◆ **Your instructions**: Each line from the one bearing "Mini Cat Desktop Puzzle Stacking Blocks" through the last line of the entries below should be returned exactly, with pictures left out.

[Image-text web data]
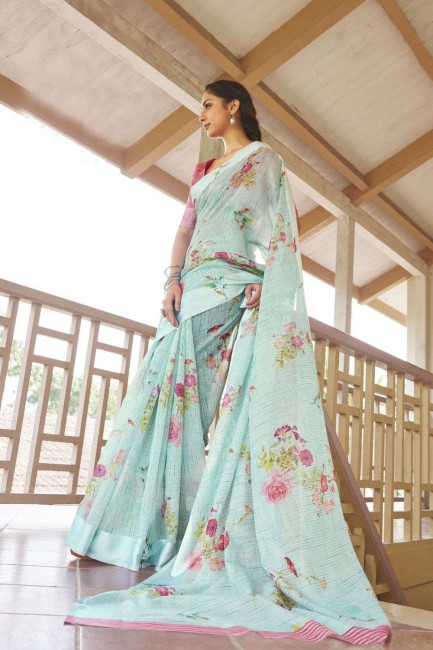 Printed Linen Saree in Sky Blue with Blouse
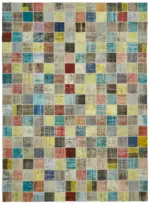 Patchwork Multi Pamuk Üzerine Yün El Dokuma Kilim-300x408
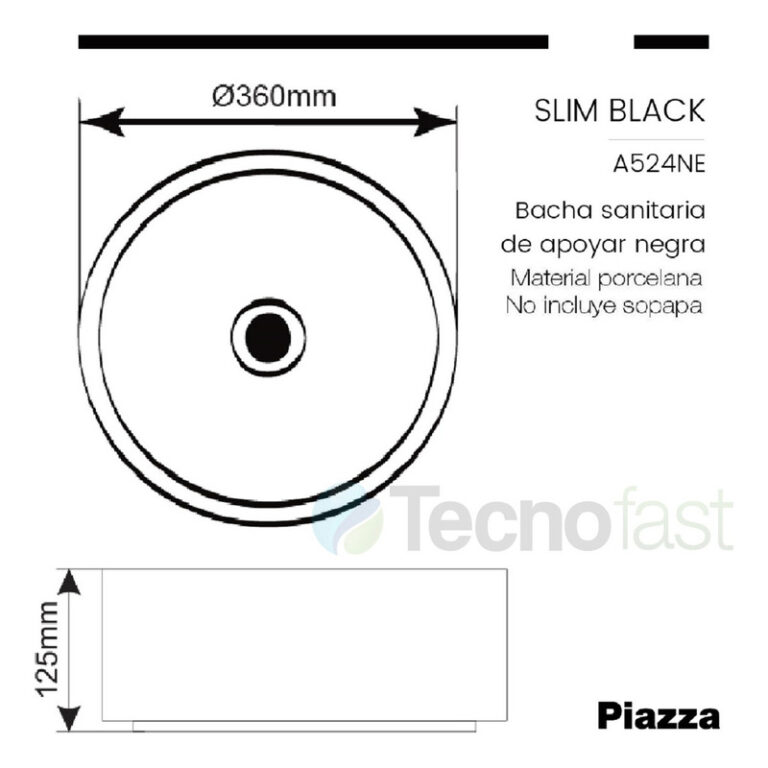 Bacha Piazza A524ne Apoyo Porcelana Baño Negra - Imagen 3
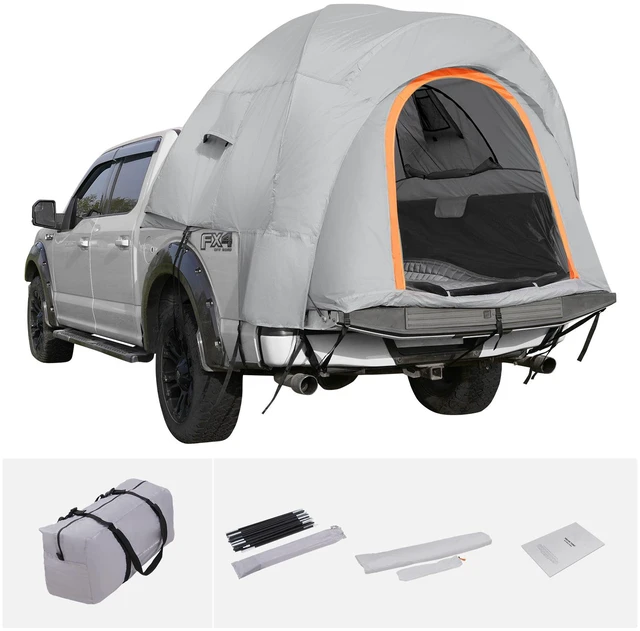 Alt view image 8 of 8 - Truck Bed Tent, 5.5'-6' Pickup Truck Tent with Rain Layer and Carry Bag, Waterproof PU2000mm Double Layer Truck Tent for Camping, Accommodate 2-3 Person, for Camping Traveling Outdoor Activities
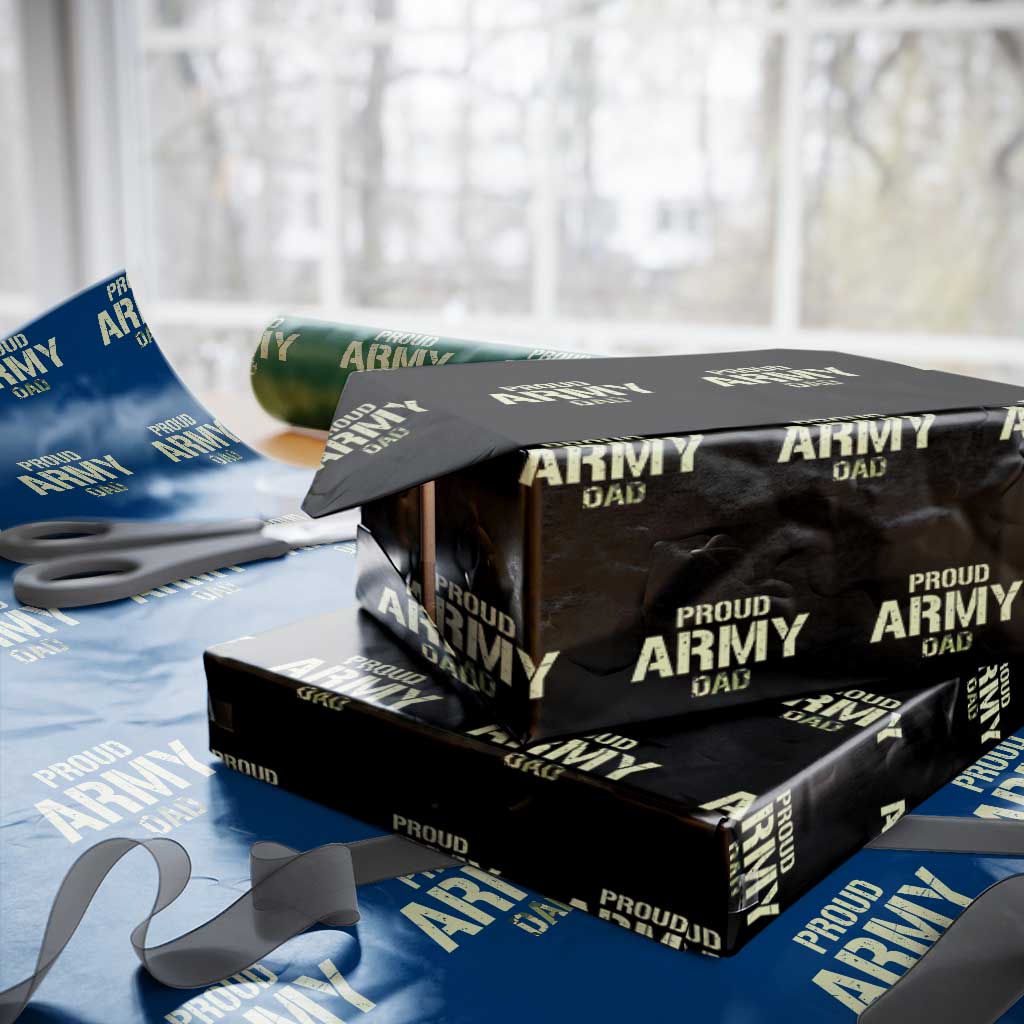Proud Army Dad Wrapping Paper Roll Military Camo American Flag Father's Day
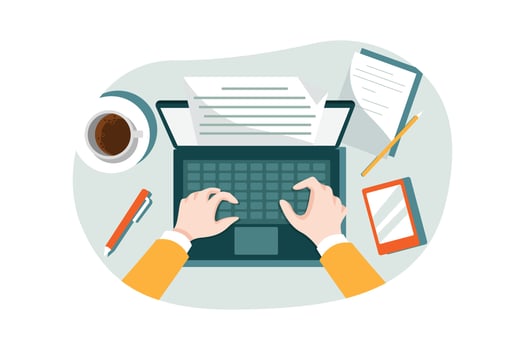 Content Writing Flat Illustrations Concept vector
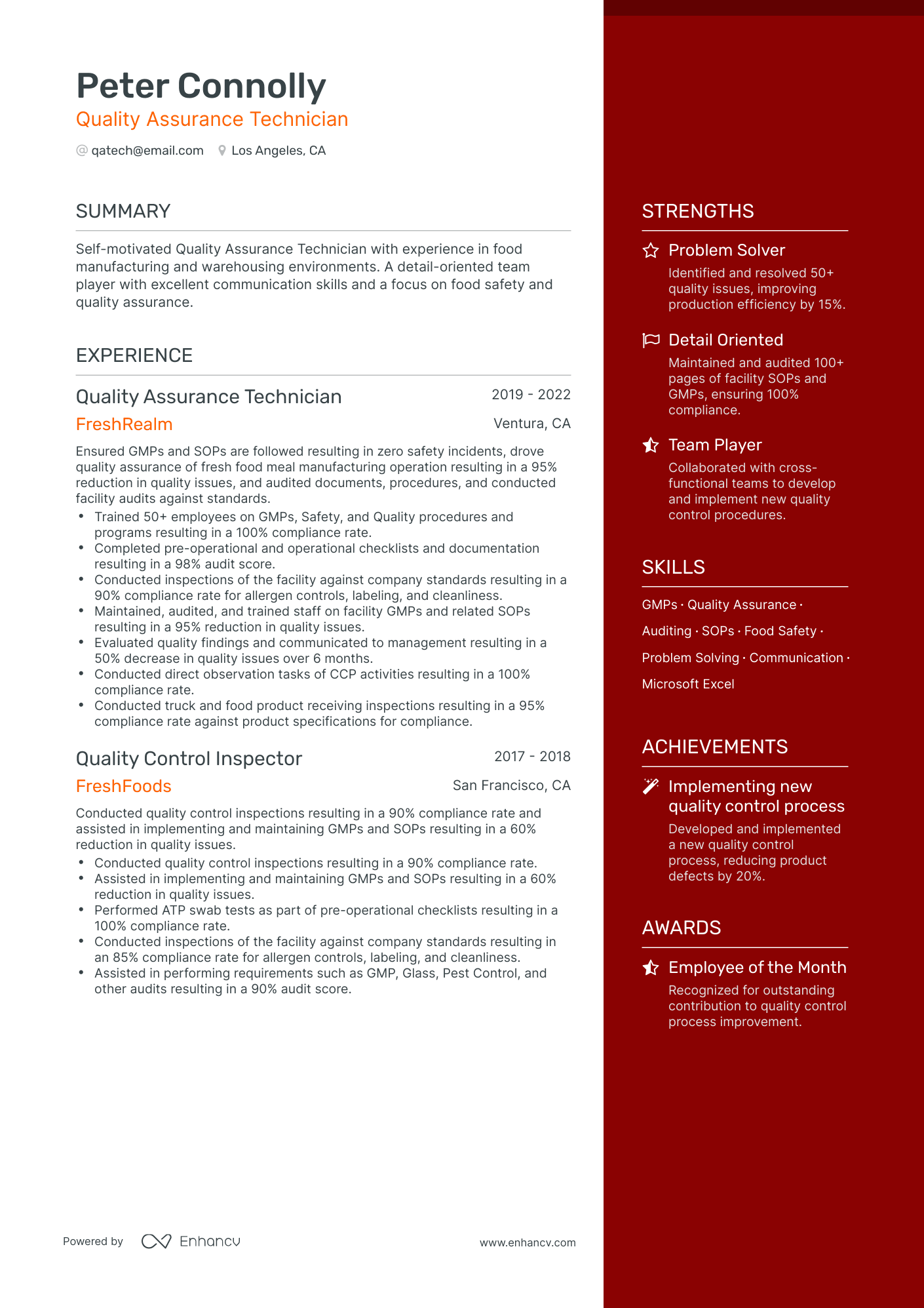 One Page Quality Assurance Technician Resume Template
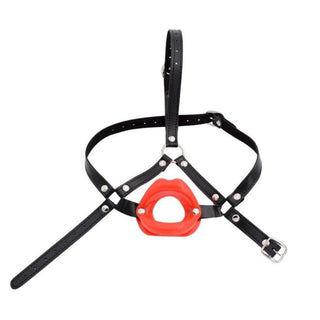 This is an image of Blowjob Ready Gag in red, pink, and black colors crafted from faux leather and plastic.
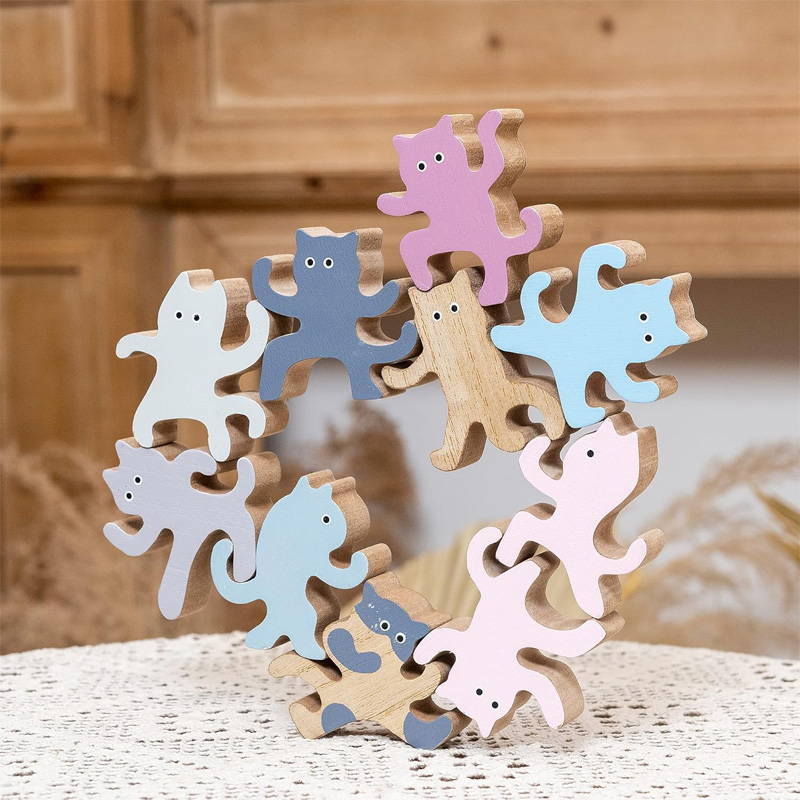 Mini Cat Desktop Puzzle Stacking Blocks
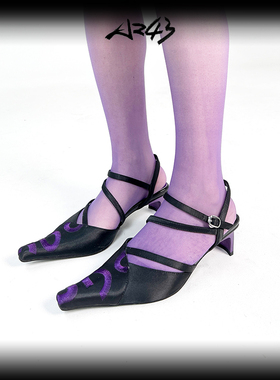 AZ43 原创小众复古百搭y2k辣妹尖头紫色光晕刺绣拉带猫跟凉鞋女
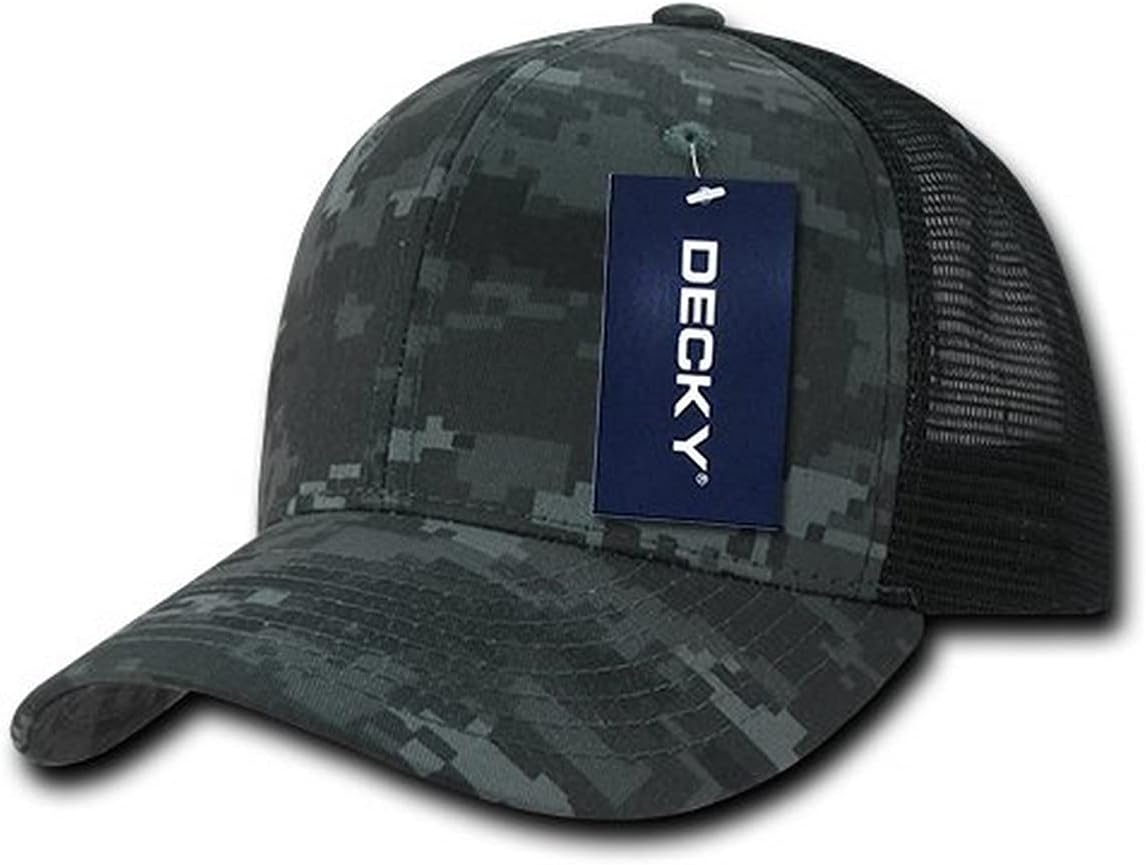 DECKY Camo Flat Bill Trucker Caps Slip-On Style NightBlack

◆ **Written reply**:
 Mini Cat Desktop Puzzle Stacking Blocks
 AZ43 原创小众复古百搭y2k辣妹尖头紫色光晕刺绣拉带猫跟凉鞋女
 DECKY Camo Flat Bill Trucker Caps Slip-On Style NightBlack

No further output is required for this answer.